Wednesday, June 10, 2009

Google Chrome Rocks! (or: Facebook Message Forensics)

There's a little trick I sometimes pull when my mouse accidentally slips on the back button while I was writing something on a web page (don't ask). Before I show you a demo, I want to explain what's going on behind the scenes so you can understand what I'm doing.

When you navigate away from a page, behind the scenes one of two things happen: either the browser frees the memory associated with the page, or it keeps the rendered page in a cache in case you decide to revisit it. Even when the memory is freed, the data usually stays around for a little while longer, at least until there have been enough free()'s to call the OS allocator. (Remember that the CRT is an allocation cache on top of the OS allocator.) Either way, if you've got a long enough pattern, you can just search for it in the process' memory space. It's crude, but it sometimes works. And here's how it's done:

First Step: Get the page's PID from Chrome's about:memory page
This is why this post is called "Google Chrome Rocks!" Normally this step is painful with Internet Explorer and Firefox because all pages are in the same (main) process, so they all become unresponsive when I debug the process. Chrome allows me to debug a single page, while still browsing in the other tabs.

(Yes, I have a lot of tabs open.)

Second Step: Fire up WinDbg and attach to that process
If you don't have WinDbg installed, use Process Explorer to suspend the process (right-click, Suspend). You could even get Visual Studio attached in the interim, but you will have to also suspend with Process Explorer during the hand-off to WinDbg.

Go to File | Attach to a Process... (F6) and choose the process:
Once WinDbg has attached, you're safe -- the process is suspended so its memory won't be reclaimed by the OS.

Third Step: Look for a pattern in what you were writing
It can be as simple as a word like "gliding". Of course, this will entirely depend on what you were writing.

For example, use the WinDbg command "s -a".

In my case, I can see that the last match is the right one. Use "db" to work your backwards to the beginning of the string.

Remember that your string might be stored in Unicode and try different patterns.

Fourth Step: Extract the recovered string
The text is too long for "da", but WinDbg has a ".printf" command. Don't be afraid to use the manual to come up with crazy techniques like this one. Sadly, the comma is not documented.

Fifth Step: Paste into notepad

Once this is done, you can release the process from the debugger. Make sure to use Debug | Detach Debuggee so you don't kill the process.

Then simply hit the Forward button and paste your text back into the editor :)
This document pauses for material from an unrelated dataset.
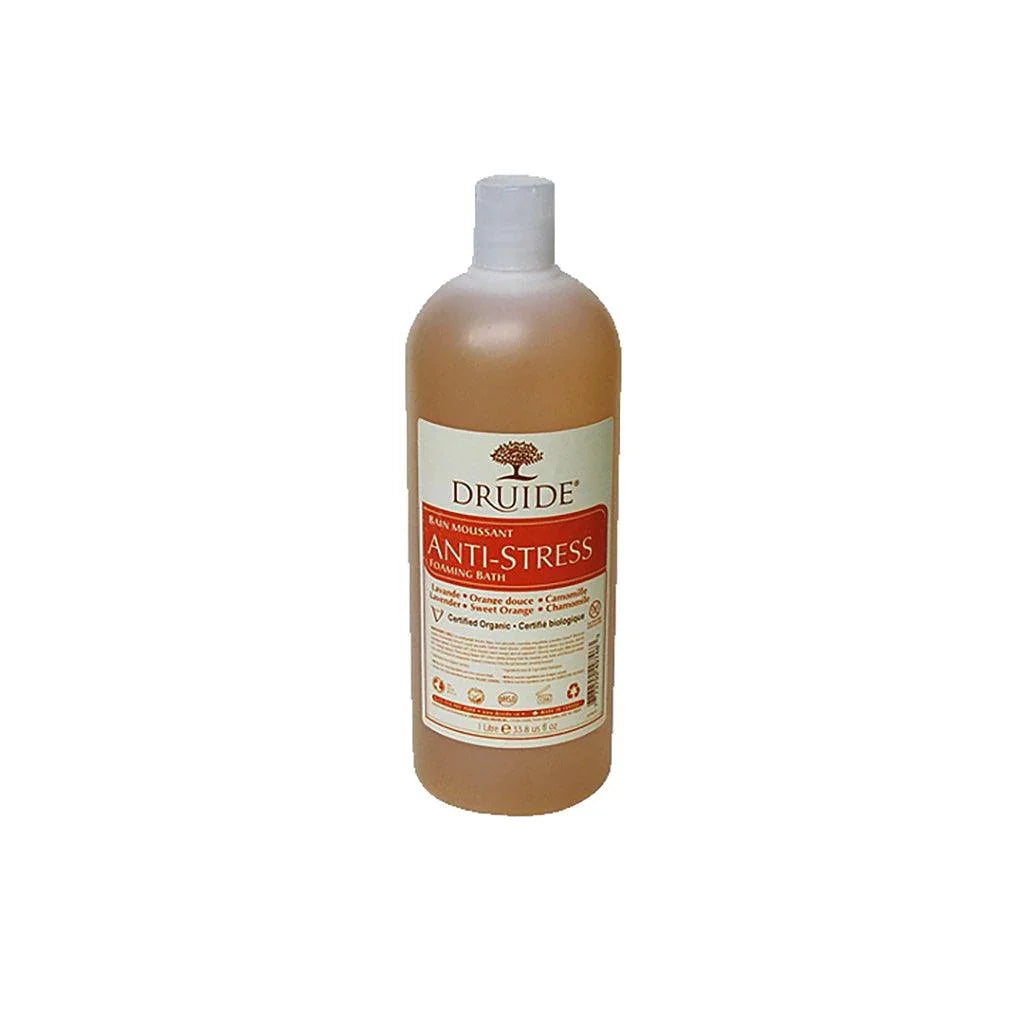 Anti-Stress Bubble Bath Lavender Sweet Orange Chamomile Druide - La Boite à Grains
What would be really fun is writing a driver that can freeze the entire system and search physical memory for a particular pattern. This would catch even memory freed by the OS. Unfortunately, under Windows, VirtualFree'd memory is zero'ed by a background kernel thread, so the window of opportunity could be quite small.

Until next time,

Good night.


Eric Savoie said...

You amaze me.

Catalin Patulea said...

Well, I only pull out my sharpest tricks here ;-) Did it all make sense?